Professor Kouymjian has had a varied professional career. He began teaching 40 years ago in the Humanities Program at the American University of Beirut; from there he went on to Columbia University in New York where he also taught Humanities (1961-64). From 1967 to 1971 he was Assistant Professor of Islamic History and Assistant Director of the Center for Arabic Studies at the American University in Cairo, Egypt. In 1971-72 Dr. Kouymjian was Chairman of the Department of Armenia Studies at Haigazian College, and from 1972 to 1976, Associate Professor of Armenian and Near Eastern History at the American University of Beirut. In 1976, UNESCO sent him on a special mission to train curators in archeological museums in Libyan Arab Republic on the conservation and preservation of their ancient coins. Later that same year he was engaged by the American University in Paris to teach classical, medieval and Islamic history and art. Though at Fresno State since 1977, Dr. Kouymjian has also taught elsewhere. In 1987 he was awarded a Fulbright Senior Lectureship by the United States government to teach in the Department of Foreign Languages and Literature at Yerevan State University in Armenia. He was instrumental in establishing the Exchange Program between Yerevan State and Fresno State. From 1988-1991 he was Director of the Armenian Department and occupied the Chair of Armenian at the Institute for Oriental Languages (INALCO) of the University of Paris. More recently, in 1996-7, he served as the second holder of the William Saroyan Visiting Professorship of Armenian Studies at the University of California, Berkeley. In these institutions he has taught a wide range of subjects: Armenian, Islamic, Classical, and Byzantine history and art, Western and Oriental humanities, film, genocide, and Saroyan studies.

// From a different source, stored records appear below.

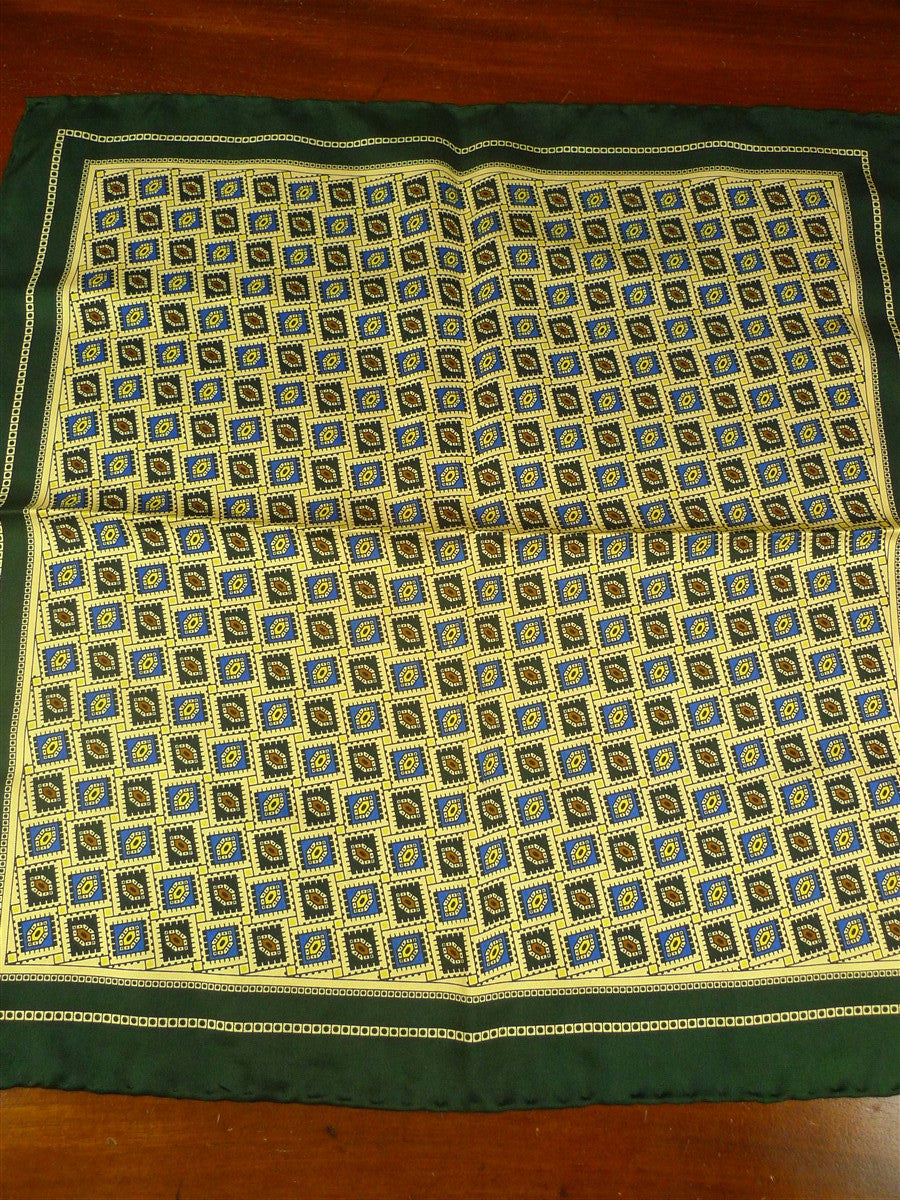 26/0741 immaculate turnbull & asser Jermyn St. green gold 100% silk pocket square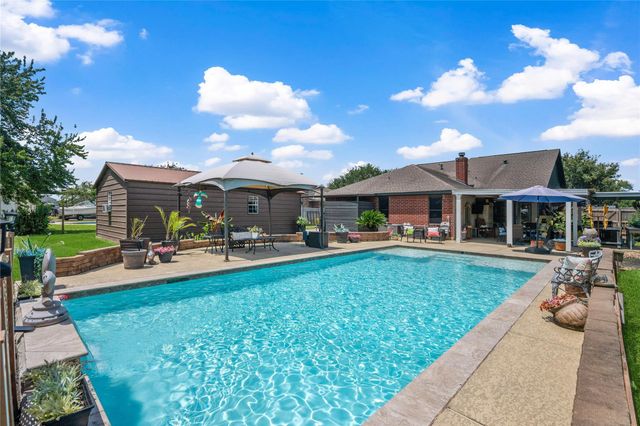 3214 Kathleen Drive, Mont Belvieu, TX 77523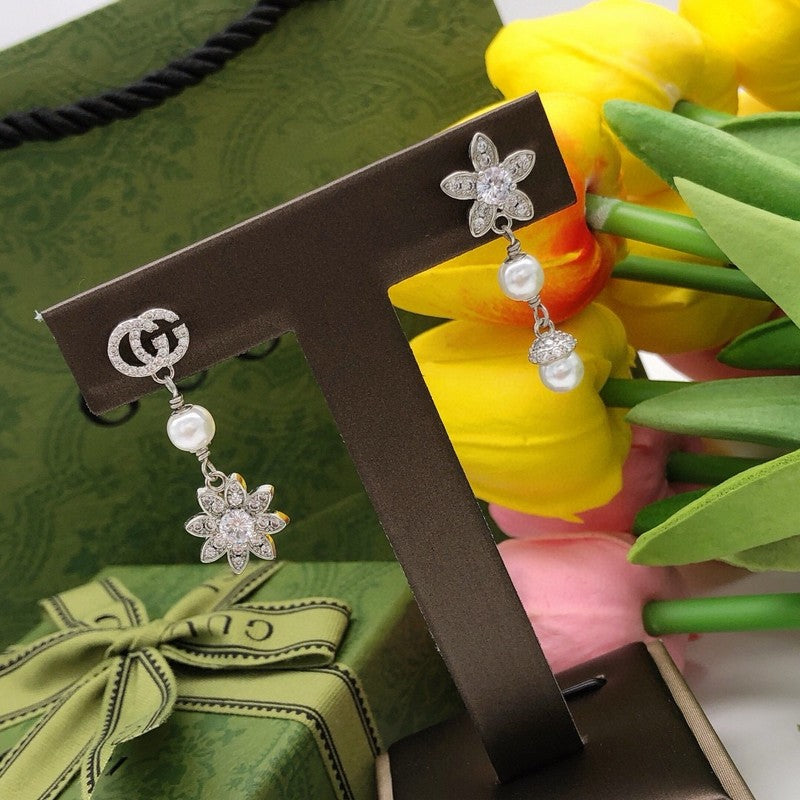 GG Diamond Flower White Gold Earrings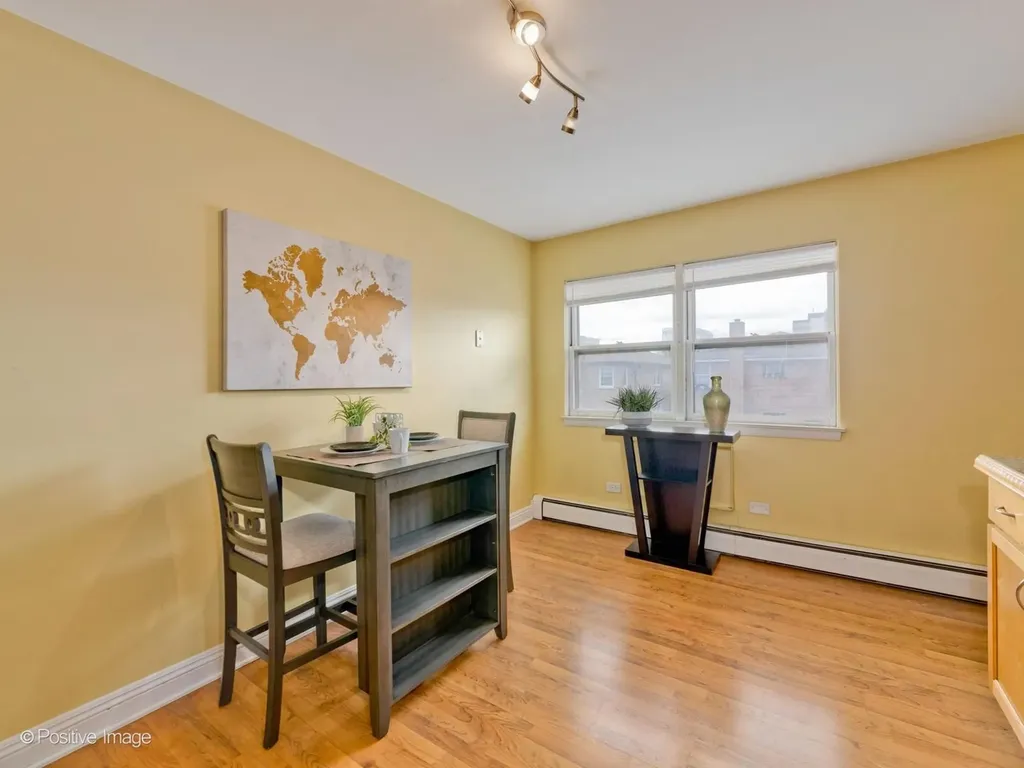 8544 West Rascher Avenue Chicago IL 60656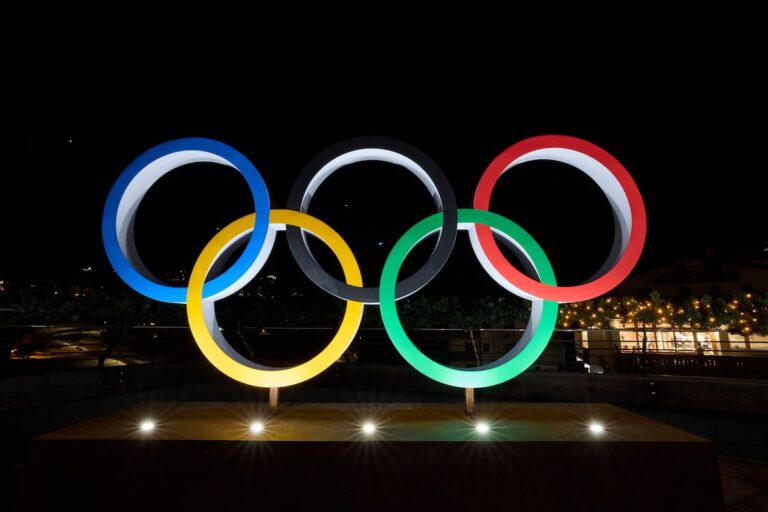 NBC et IOC signent 3 milliards de dollars de droits des médias olympiques jusqu'en 2036 au moins 2036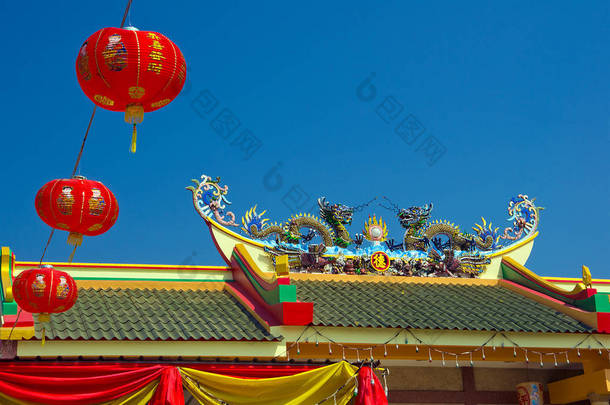 在蓝色天空背景下的中国红纸灯笼 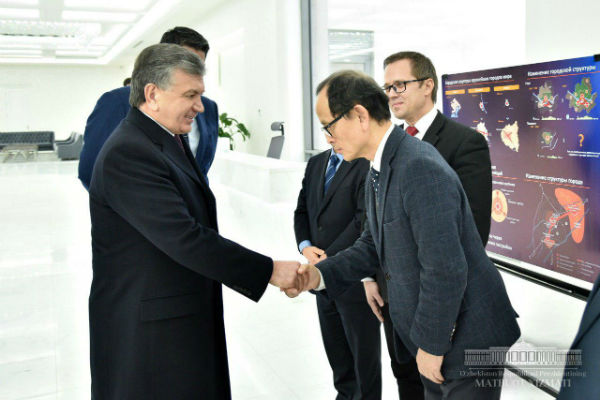 Shavkat Mirziyoyev got acquainted with “Smart City” project in Tashkent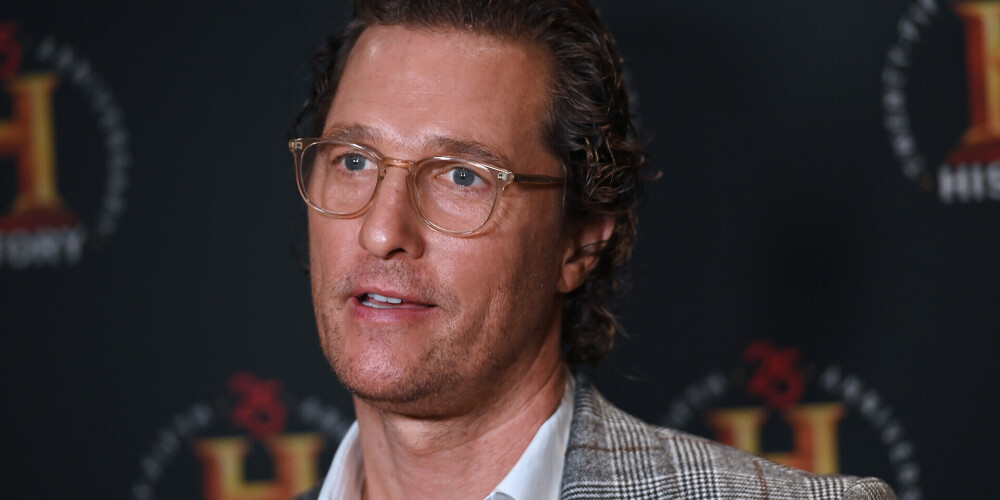 Мэ́ттью Дэ́вид Макко́нахи (англ. Matthew David McConaughey; род. 4 ноября 1969, Ювалде, Техас, США) — американский актёр, кинорежиссёр, сценарист и продюсер. Поначалу зарекомендовав себя как актёр, в основном, комедийного амплуа, во втором десятилетии XXI века Макконахи перешёл к крупным драматическим ролям, удостоившись ряда наград и положительных отзывов от кинопрессы за картины «Линкольн для адвоката», «Мад», «Киллер Джо», «Далласский клуб покупателей», «Супер Майк», «Интерстеллар» и «Джентльмены».За роль в драме «Далласский клуб покупателей» (2013) был удостоен множества наград, в том числе «Золотого глобуса», премии Гильдии киноактёров США и первого в карьере «Оскара».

In all these fields, Professor Kouymjian has published regularly with a dozen books and some 100 academic articles to his credit. He has also presented scholarly papers at more than 80 national and international conferences and has himself organized a number of such conferences: David of Sasun, the Armenian Folk Epic (1979), Armenian Architecture (1980), William Saroyan (1981, 1996, 1999), Movses of Khoren, the fifth century Armenian historian (1991), and most recently the massacres of Adana of 1909 (1999). He is a member of ten professional societies, a Fellow of the American Numismatic Society, and four-time president of the Society for Armenian Studies, of which he was one of the founders. He also serves on the editorial boards of five publications in Armenian studies and the Board of Scholars of the Zoryan Institute, NAASR, the Armenian Film Foundation, and for a time the William Saroyan Foundation.

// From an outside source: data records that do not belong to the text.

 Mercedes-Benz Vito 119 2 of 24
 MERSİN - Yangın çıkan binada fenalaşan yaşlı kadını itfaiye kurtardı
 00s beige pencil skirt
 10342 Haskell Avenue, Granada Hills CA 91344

Over the years he has been awarded a number of grants and fellowships from the following agencies and universities: S. J. Johnson Foundation, the Carnegie Endowment, the National Endowment for the Humanities (1981, 1996), the Fulbright Commission, the Alex Manougian Cultural Fund, the Calouste Gulbenkian Foundation, the Carlsberg Foundation, William Saroyan Foundation, the Bertha and John Garabedian Charitable Foundation (multiple), the Rockefeller Foundation, the American Numismatic Society, Columbia University, AUB, AUC, and Fresno State.

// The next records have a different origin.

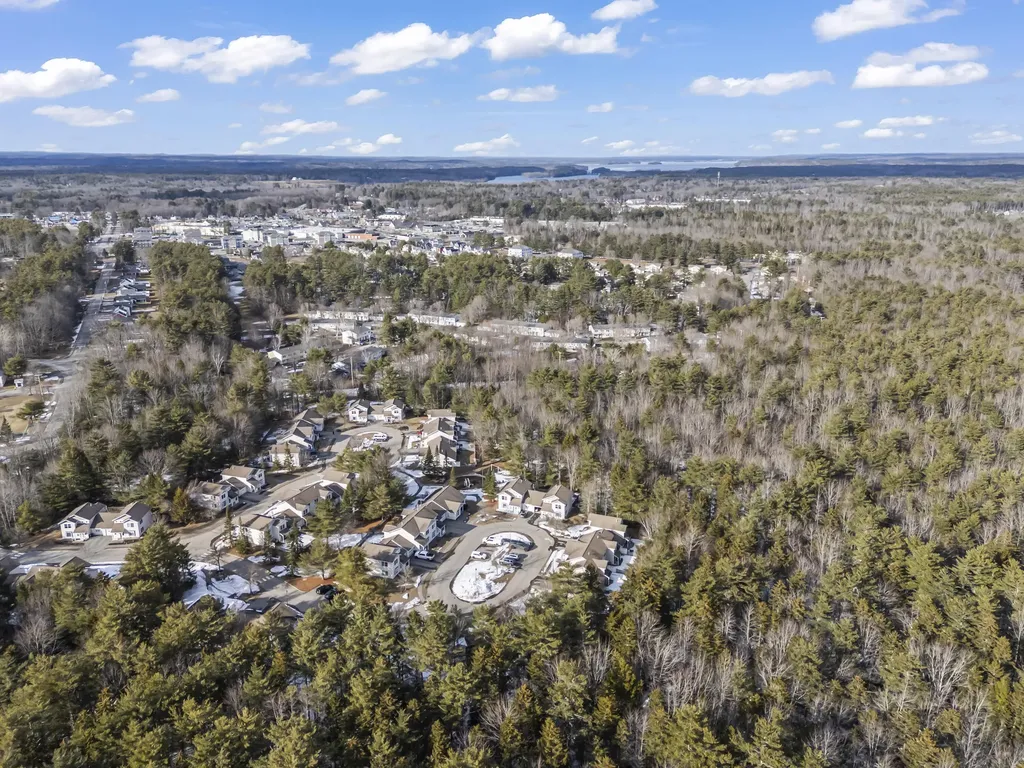25 Beaver Pond Road Brunswick ME 04011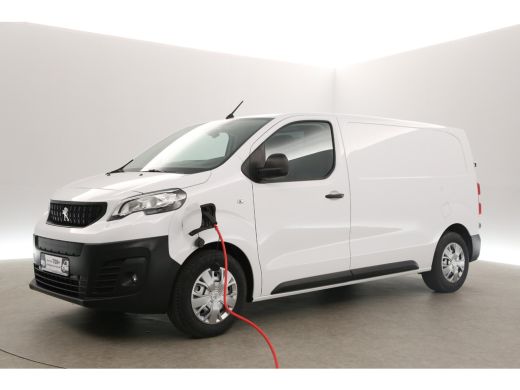 Peugeot e-Expert L2H1 75 kWh | 2025 | Elektrisch | 360° Camera | Airco | Cruise | Carplay | 3-Zits ActivLease financial lease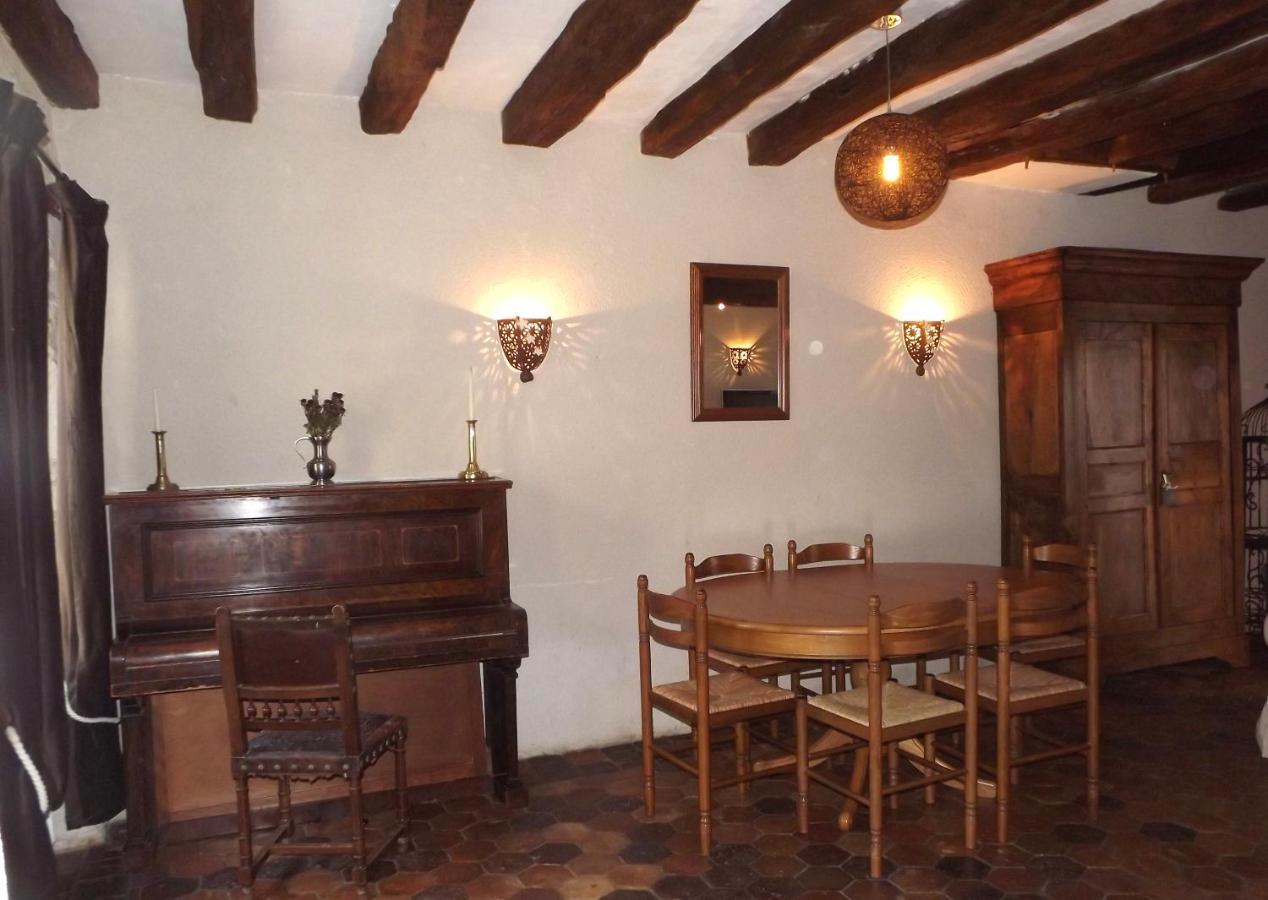 Villa Les Volets Bleus Provins Exterior foto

Dr. Kouymjian has also been recognized for his teaching, devotion to students, and leadership roles. In 1968 and again in 1969 the Student Council of the American University in Cairo gave him an Outstanding Professor Award. In 1986 he was elected "Outstanding Professor of the Year," by the faculty at California State University, Fresno, and in 1999 he was the first recipient of the Provost's Award for Excellence in Teaching in the newly established category of "Outstanding Achievements in Research." In 1996 he was elected to Phi Kappa Phi, the professional honor society, with special recognition. In 1998 he was the nominee of the Fresno State chapter of Phi Kappa Phi in the triennial national competition for the outstanding scholar of the U.S.; he was among the top five nation-wide. In 1999 Phi Kappa Phi chose Prof. Kouymjian as the "University Scholar of the Year." Also in 1999 he was the recipient of the Provost's Award for Excellence in Teaching in the newly established category of "Outstanding Achievements in Research." In that same year, 1999-2000, he was chosen "Man of the Year," by the Armenian National Committee Central Valley. In 2001 he was invited to serve on the selection committee of the prestigious Francqui Fund Prize (the Belgian Noble Prize as it is sometmes called).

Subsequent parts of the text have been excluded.